(Short descriptive text snippets)
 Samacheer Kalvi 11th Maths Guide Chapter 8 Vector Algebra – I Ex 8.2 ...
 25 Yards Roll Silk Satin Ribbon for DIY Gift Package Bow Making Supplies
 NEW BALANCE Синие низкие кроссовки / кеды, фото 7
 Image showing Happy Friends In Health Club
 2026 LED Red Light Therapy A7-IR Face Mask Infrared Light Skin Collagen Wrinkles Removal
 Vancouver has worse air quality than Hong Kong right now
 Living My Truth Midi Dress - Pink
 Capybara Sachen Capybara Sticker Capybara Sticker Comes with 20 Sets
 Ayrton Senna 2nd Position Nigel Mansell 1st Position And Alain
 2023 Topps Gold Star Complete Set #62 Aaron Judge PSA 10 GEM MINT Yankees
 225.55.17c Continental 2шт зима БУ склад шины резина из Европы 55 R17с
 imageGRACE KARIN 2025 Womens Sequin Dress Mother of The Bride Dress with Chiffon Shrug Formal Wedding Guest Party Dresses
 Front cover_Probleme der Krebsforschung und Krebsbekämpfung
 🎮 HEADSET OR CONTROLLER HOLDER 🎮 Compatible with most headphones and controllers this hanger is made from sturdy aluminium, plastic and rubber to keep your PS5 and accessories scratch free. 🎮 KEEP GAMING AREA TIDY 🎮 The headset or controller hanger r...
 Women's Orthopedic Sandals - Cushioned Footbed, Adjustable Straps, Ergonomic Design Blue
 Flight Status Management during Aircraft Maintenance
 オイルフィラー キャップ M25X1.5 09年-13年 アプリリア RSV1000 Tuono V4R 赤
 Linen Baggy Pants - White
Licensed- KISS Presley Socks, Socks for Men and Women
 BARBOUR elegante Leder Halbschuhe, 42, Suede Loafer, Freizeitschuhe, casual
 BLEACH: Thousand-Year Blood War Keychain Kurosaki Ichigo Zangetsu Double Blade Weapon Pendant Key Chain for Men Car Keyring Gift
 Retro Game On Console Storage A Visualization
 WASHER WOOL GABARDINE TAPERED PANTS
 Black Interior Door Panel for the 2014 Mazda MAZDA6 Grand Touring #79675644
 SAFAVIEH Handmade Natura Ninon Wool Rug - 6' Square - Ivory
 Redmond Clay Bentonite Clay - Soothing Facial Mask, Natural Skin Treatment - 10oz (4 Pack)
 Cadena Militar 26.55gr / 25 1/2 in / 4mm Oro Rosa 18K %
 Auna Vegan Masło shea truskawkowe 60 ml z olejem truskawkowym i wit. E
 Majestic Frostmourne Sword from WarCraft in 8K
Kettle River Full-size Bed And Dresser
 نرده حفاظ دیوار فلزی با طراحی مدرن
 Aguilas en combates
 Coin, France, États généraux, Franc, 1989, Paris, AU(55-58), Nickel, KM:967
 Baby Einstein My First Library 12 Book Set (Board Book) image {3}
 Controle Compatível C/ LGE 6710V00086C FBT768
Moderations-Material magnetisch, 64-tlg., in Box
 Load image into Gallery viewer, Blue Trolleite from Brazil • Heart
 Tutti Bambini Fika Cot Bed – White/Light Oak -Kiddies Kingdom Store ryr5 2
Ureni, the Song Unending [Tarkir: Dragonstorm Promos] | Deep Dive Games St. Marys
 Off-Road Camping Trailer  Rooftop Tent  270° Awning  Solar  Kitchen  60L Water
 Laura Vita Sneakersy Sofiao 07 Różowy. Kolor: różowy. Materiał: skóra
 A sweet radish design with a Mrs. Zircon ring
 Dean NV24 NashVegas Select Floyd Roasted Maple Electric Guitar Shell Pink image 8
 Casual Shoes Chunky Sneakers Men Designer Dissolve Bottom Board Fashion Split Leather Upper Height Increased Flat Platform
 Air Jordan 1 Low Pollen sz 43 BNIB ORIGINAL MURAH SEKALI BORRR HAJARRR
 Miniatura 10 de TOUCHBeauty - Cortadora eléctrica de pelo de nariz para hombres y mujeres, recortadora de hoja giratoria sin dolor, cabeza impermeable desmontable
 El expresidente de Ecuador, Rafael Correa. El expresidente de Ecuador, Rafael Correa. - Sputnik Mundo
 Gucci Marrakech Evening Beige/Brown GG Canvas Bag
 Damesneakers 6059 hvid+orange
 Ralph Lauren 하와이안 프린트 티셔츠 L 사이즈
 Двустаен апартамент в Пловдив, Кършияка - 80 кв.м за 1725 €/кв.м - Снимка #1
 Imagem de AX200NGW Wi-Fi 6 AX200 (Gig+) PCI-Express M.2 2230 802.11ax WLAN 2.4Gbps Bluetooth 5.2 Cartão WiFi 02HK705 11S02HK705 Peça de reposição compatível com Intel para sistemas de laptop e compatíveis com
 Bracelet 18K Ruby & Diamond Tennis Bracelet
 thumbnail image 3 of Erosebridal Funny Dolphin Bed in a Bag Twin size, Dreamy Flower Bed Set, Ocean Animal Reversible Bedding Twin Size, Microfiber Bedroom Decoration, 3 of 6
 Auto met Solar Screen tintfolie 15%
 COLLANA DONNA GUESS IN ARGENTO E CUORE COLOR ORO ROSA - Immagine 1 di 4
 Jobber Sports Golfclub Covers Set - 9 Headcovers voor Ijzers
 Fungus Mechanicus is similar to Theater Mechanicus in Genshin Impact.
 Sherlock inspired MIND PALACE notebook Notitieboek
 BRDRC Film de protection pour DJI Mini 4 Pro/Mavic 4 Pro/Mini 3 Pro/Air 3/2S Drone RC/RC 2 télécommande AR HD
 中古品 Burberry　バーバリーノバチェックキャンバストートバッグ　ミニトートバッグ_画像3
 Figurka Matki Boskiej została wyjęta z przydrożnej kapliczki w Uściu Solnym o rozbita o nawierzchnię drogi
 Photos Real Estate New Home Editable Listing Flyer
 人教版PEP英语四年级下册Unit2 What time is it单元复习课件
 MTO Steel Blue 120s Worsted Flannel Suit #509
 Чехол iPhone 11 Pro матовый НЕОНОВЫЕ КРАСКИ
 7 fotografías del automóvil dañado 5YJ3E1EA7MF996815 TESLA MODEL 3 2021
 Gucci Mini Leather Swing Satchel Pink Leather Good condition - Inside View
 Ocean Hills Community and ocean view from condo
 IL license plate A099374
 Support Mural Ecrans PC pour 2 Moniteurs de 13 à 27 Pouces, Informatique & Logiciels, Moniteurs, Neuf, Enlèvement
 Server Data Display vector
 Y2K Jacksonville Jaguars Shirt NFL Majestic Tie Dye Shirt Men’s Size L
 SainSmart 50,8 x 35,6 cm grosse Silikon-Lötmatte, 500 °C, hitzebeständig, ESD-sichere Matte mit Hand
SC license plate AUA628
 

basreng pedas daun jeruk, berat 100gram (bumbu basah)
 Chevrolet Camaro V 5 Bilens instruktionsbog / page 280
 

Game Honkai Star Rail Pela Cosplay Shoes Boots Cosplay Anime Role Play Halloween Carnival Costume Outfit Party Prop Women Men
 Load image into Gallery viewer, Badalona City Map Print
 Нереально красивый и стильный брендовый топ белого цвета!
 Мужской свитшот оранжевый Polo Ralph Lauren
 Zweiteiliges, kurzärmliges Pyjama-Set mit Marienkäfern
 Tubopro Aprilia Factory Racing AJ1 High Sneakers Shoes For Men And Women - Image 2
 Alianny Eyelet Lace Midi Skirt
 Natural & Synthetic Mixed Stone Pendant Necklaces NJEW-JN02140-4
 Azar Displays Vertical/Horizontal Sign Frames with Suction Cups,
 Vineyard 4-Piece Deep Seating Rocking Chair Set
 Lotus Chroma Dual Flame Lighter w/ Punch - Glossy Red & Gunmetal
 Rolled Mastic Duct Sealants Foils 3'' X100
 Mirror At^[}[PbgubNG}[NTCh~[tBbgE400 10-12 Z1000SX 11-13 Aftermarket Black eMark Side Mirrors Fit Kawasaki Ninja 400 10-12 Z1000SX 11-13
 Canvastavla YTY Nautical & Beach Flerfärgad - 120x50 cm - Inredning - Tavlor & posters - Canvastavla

**Activity**
Examine the records and pull out every line where the string "pour" occurs.

**Answer to the problem**
 BRDRC Film de protection pour DJI Mini 4 Pro/Mavic 4 Pro/Mini 3 Pro/Air 3/2S Drone RC/RC 2 télécommande AR HD
 Support Mural Ecrans PC pour 2 Moniteurs de 13 à 27 Pouces, Informatique & Logiciels, Moniteurs, Neuf, Enlèvement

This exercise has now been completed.